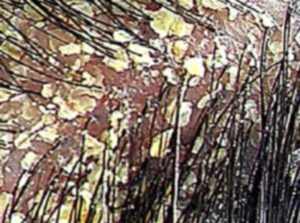 dermatite3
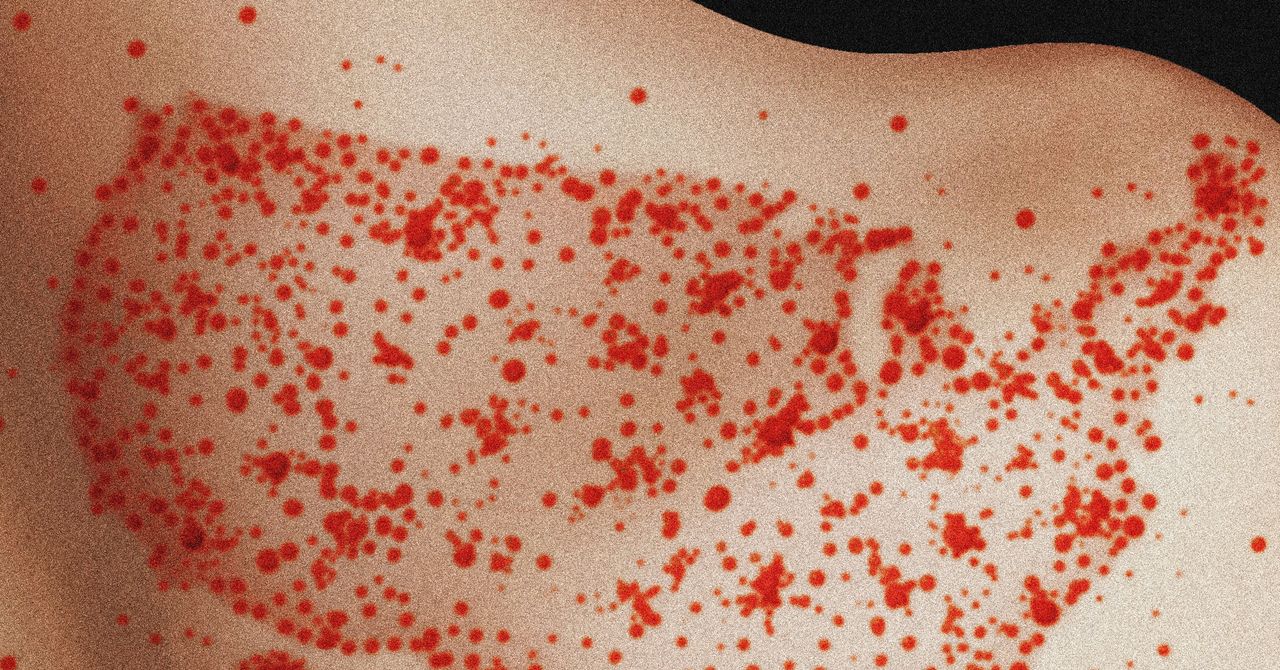 Scientists Find Measles Likely To Become Endemic in the US Over Next 20 Years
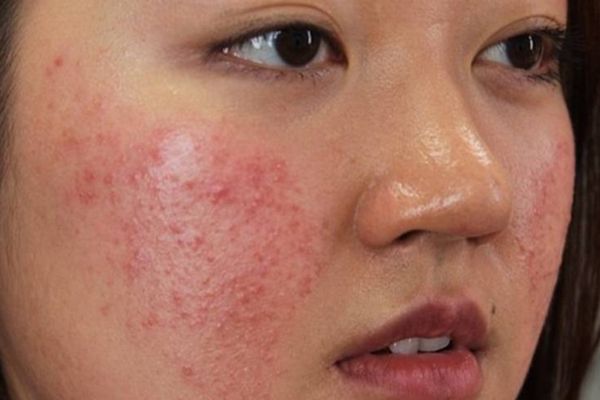 Da mặt bị ngứa: Nguyên nhân, biểu hiện và cách khắc phục hiệu quả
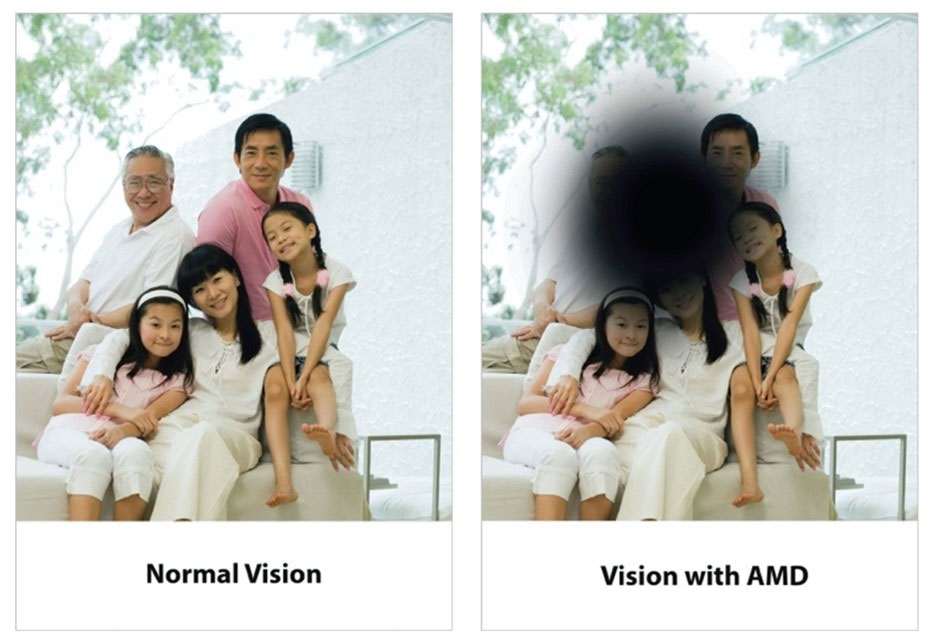 AMD vision 2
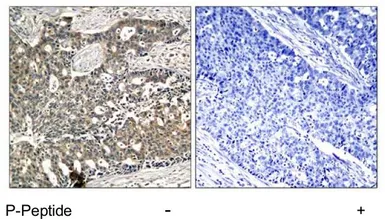 Anti-DOK2 (phospho Tyr299) antibody used in IHC (Paraffin sections) (IHC-P). GTX78982
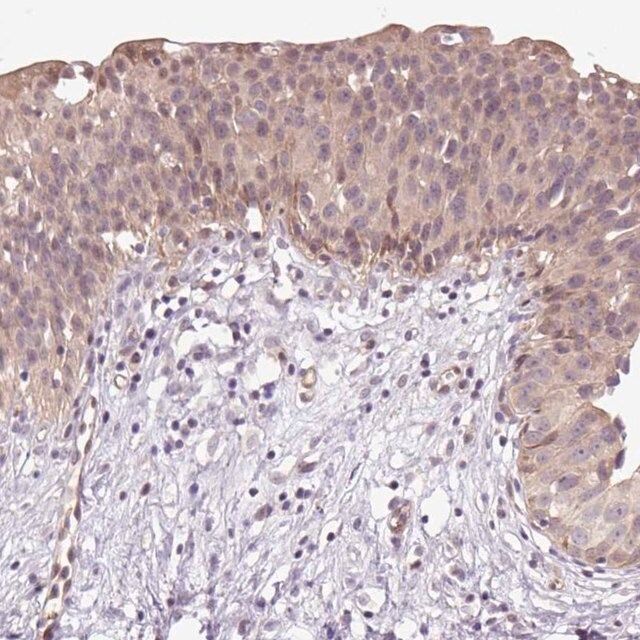 Anti-TPT1 antibody produced in rabbit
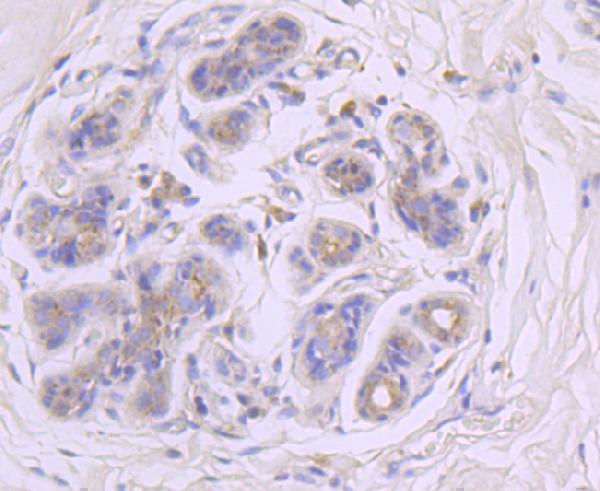 Immunohistochemical analysis of paraffin-embedded human breast carcinoma tissue using anti-GBA antibody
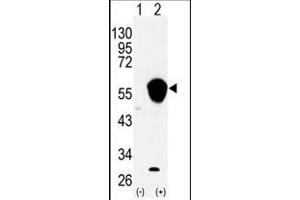 Image no. 1 for anti-Aldehyde Dehydrogenase 3 Family, Member A1 (ALDH3A1) (N-Term) antibody (ABIN360202) (ALDH3A1 anticorps  (N-Term))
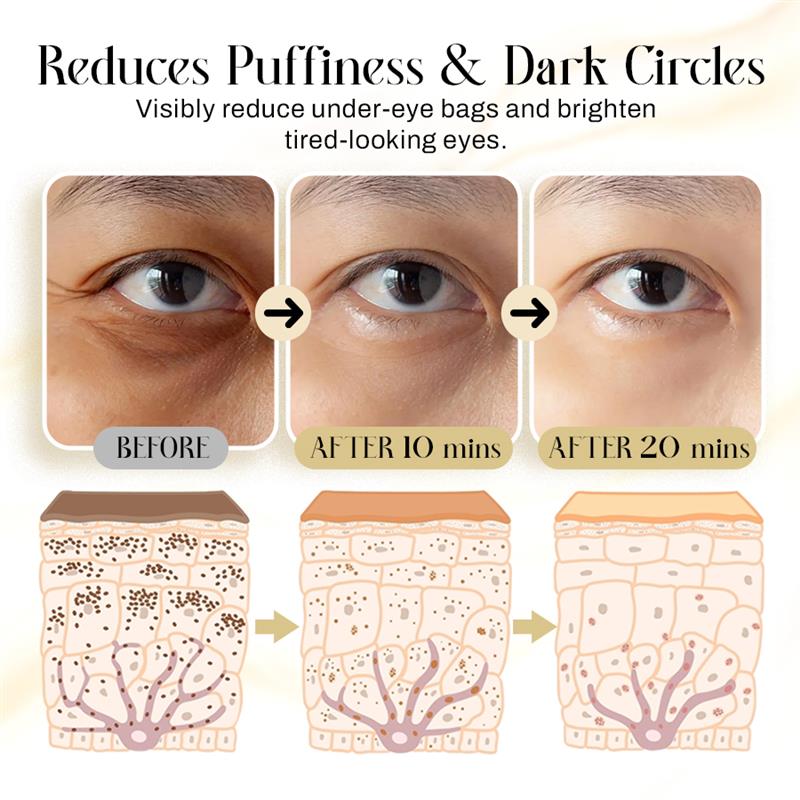 Radiant Eye Microcurrent Lift Patches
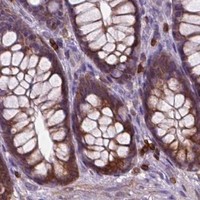 HPA IHC Colon — BCL2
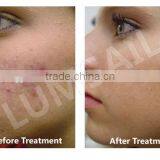 Colorful LED Phototherapy Light Therapy Facial Skin Spa Equipment thumbnail-2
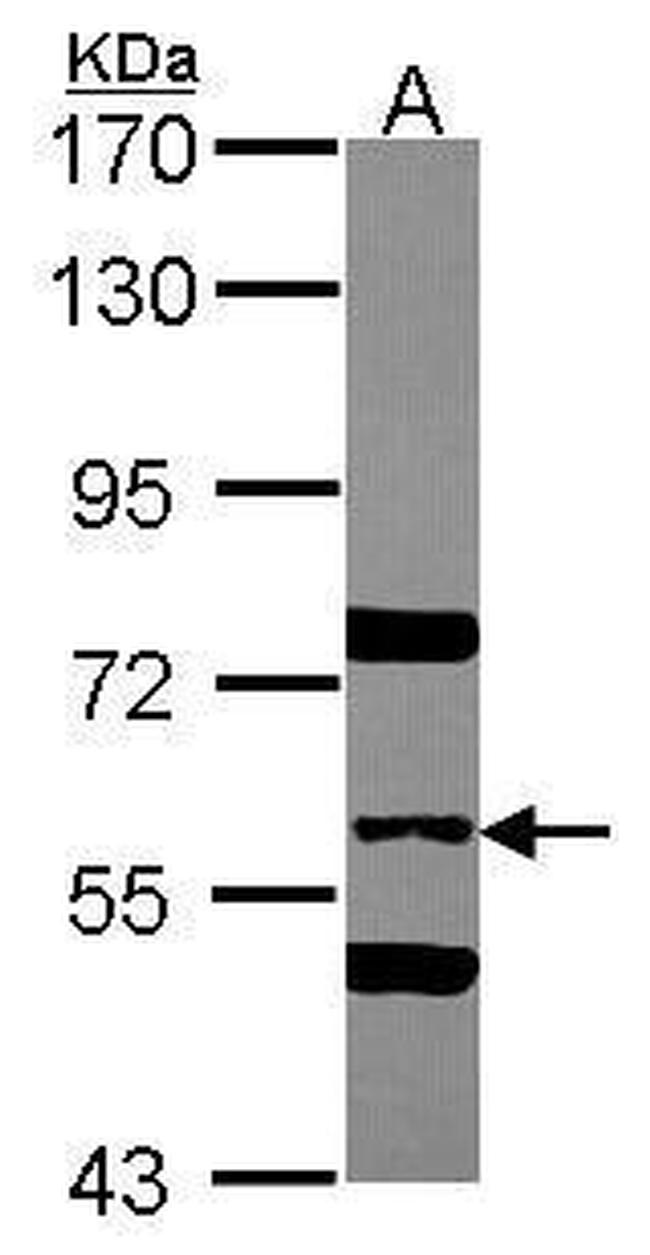 SNX2 Antibody in Western Blot (WB)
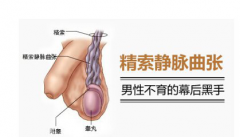 精索静脉曲张如何导致不育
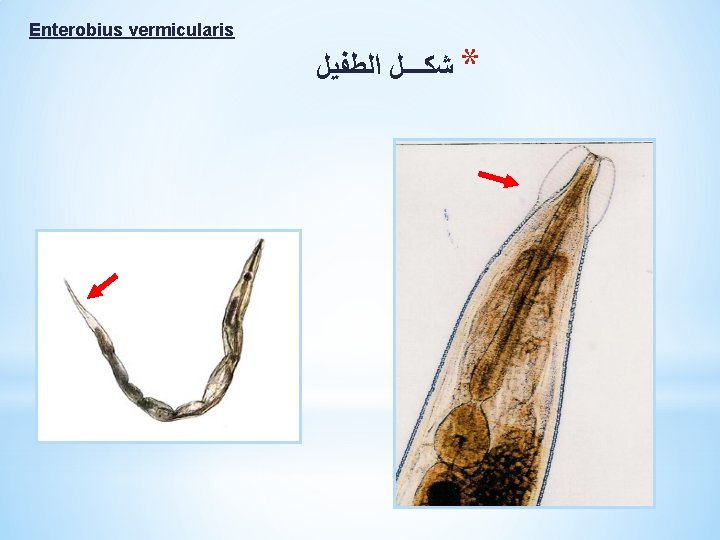 Enterobius vermicularis * ﺷﻜـــﻞ ﺍﻟﻄﻔﻴﻞ 
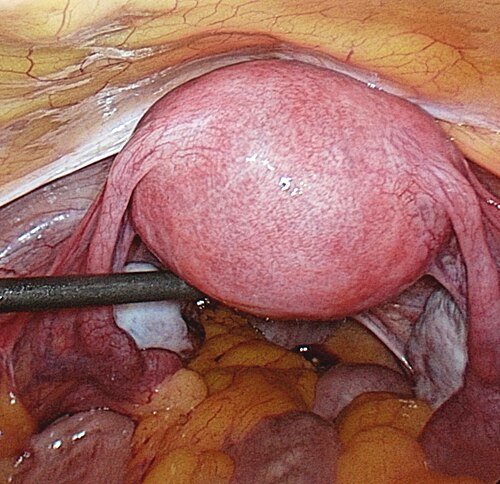 腹部内部にある女性生殖器系の写真
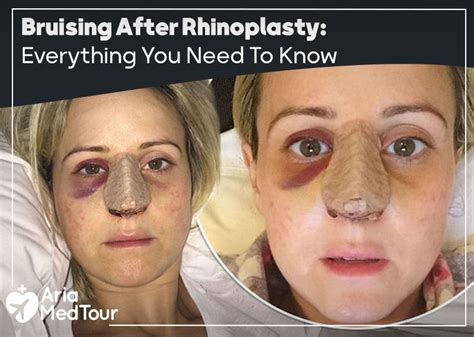 My Rhinoplasty Recovery Before and After Pictures Day 5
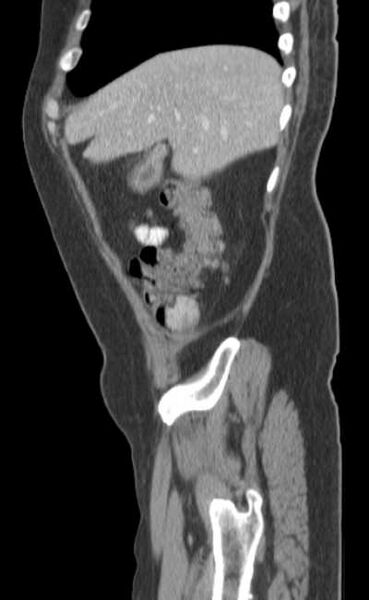 File:Bleeding duodenal ulcer and adenomyomatosis of gallbladder (Radiopaedia 61834-69861 C 16).jpg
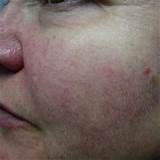 Photos of Spider Vein Laser Treatment How Long To See Results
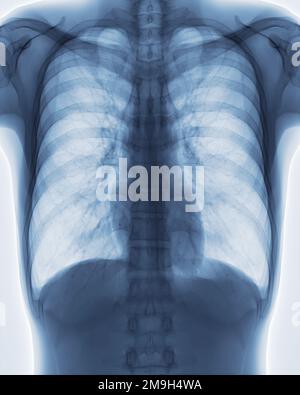 Immagine radiologica toracica per diagnosi di screening TB,tuberculosis e covid-19. Foto Stock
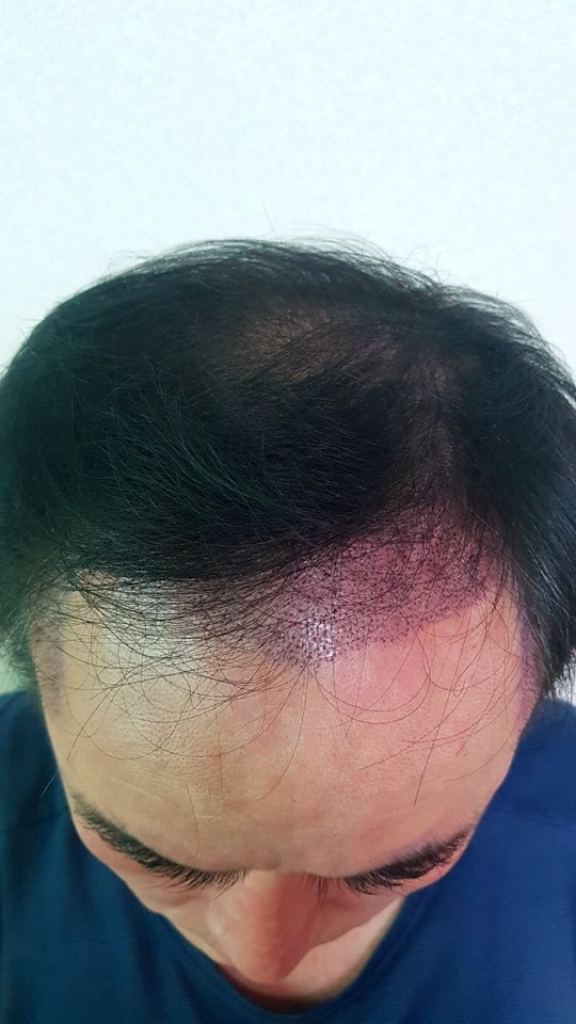 20180309 (2).jpg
□ □ □ □
▶ _Task details_:
What is wanted is an exact copy of the lines above from the one containing "Image no. 1" through the one containing "My Rhinoplasty Recovery", with no pictures in it.

▶ _Answer below_:
 Image no. 1 for anti-Aldehyde Dehydrogenase 3 Family, Member A1 (ALDH3A1) (N-Term) antibody (ABIN360202) (ALDH3A1 anticorps  (N-Term))
 Radiant Eye Microcurrent Lift Patches
 HPA IHC Colon — BCL2
 Colorful LED Phototherapy Light Therapy Facial Skin Spa Equipment thumbnail-2
 SNX2 Antibody in Western Blot (WB)
 精索静脉曲张如何导致不育
 Enterobius vermicularis * ﺷﻜـــﻞ ﺍﻟﻄﻔﻴﻞ 
 腹部内部にある女性生殖器系の写真
 My Rhinoplasty Recovery Before and After Pictures Day 5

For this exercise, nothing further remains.